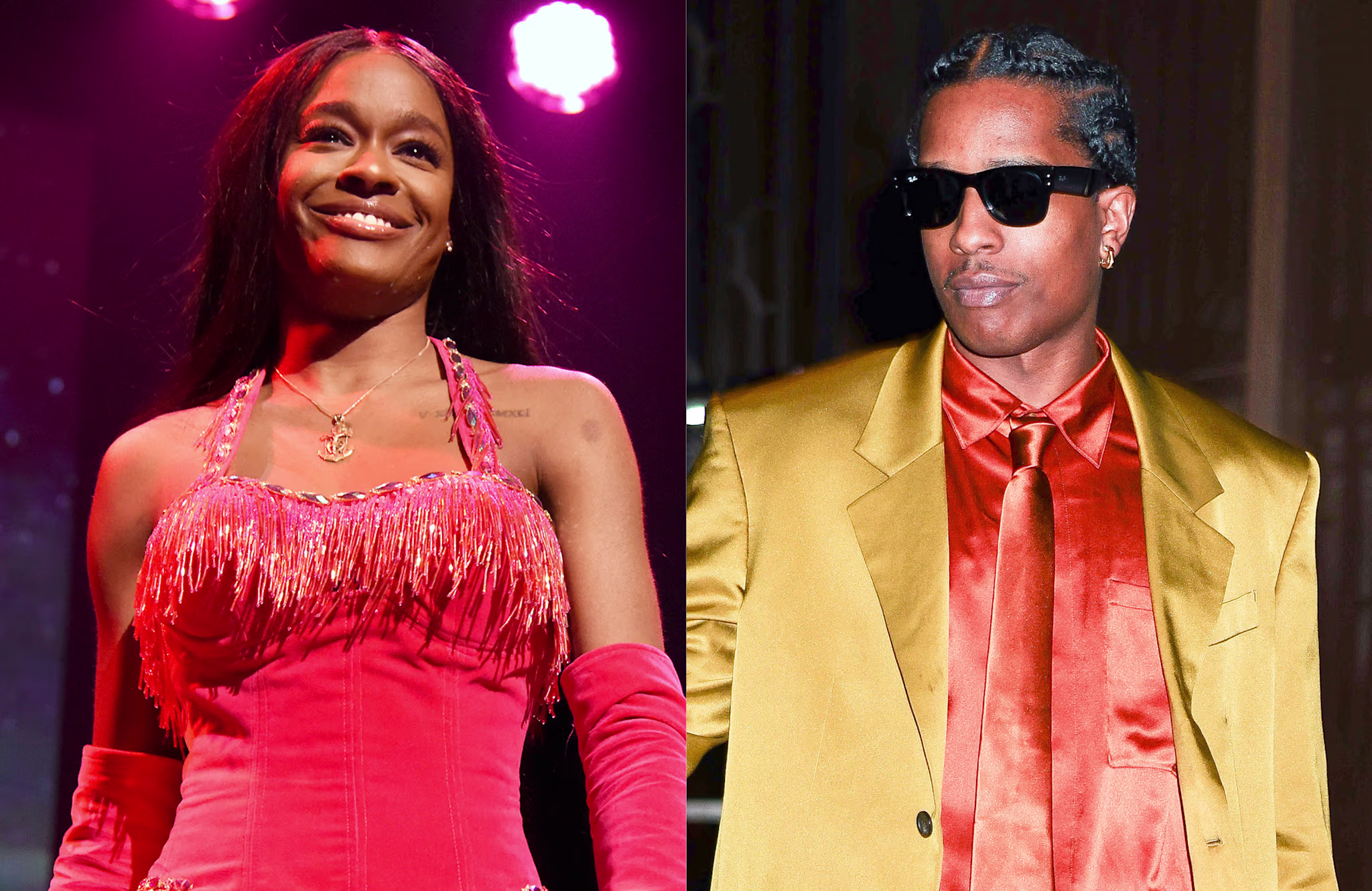 Azealia Banks in a pink outfit on stage and A$AP Rocky in a gold suit with sunglasses.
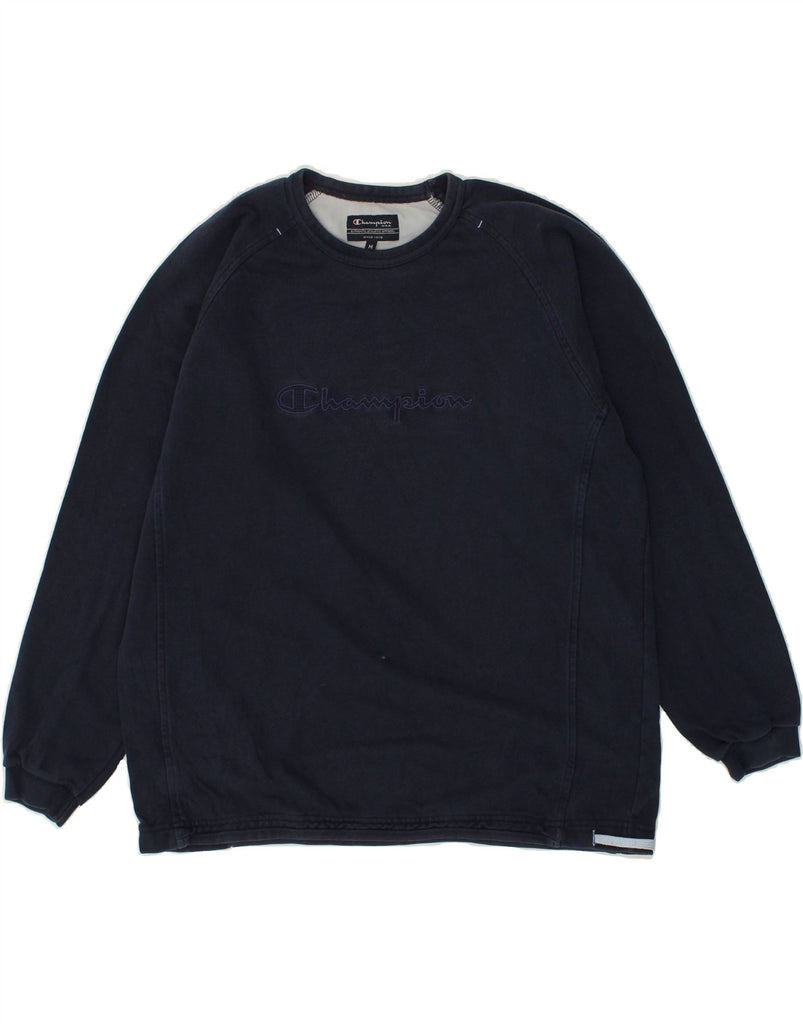 CHAMPION Mens Graphic Sweatshirt Jumper Medium Navy Blue | Vintage Champion | Thrift | Second-Hand Champion | Used Clothing | Messina Hembry 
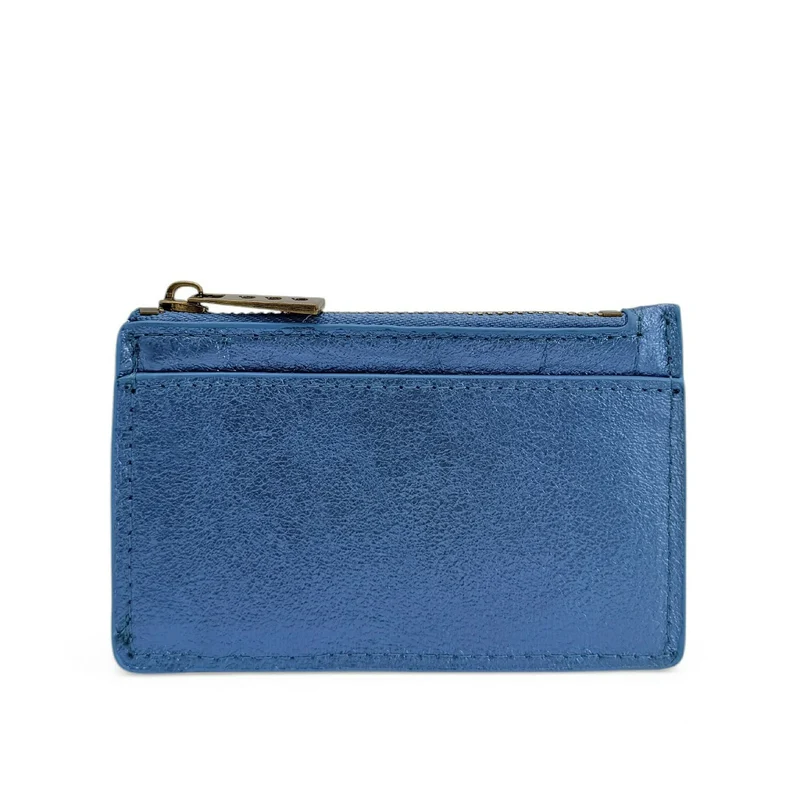 Porte-monnaie porte-cartes en cuir irisé EKKO Bleu cobalt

• [Aim of the task]:
Go through the listing above and retype it exactly, skipping every picture.

• [Reply]:
 Azealia Banks in a pink outfit on stage and A$AP Rocky in a gold suit with sunglasses.
 CHAMPION Mens Graphic Sweatshirt Jumper Medium Navy Blue | Vintage Champion | Thrift | Second-Hand Champion | Used Clothing | Messina Hembry 
 Porte-monnaie porte-cartes en cuir irisé EKKO Bleu cobalt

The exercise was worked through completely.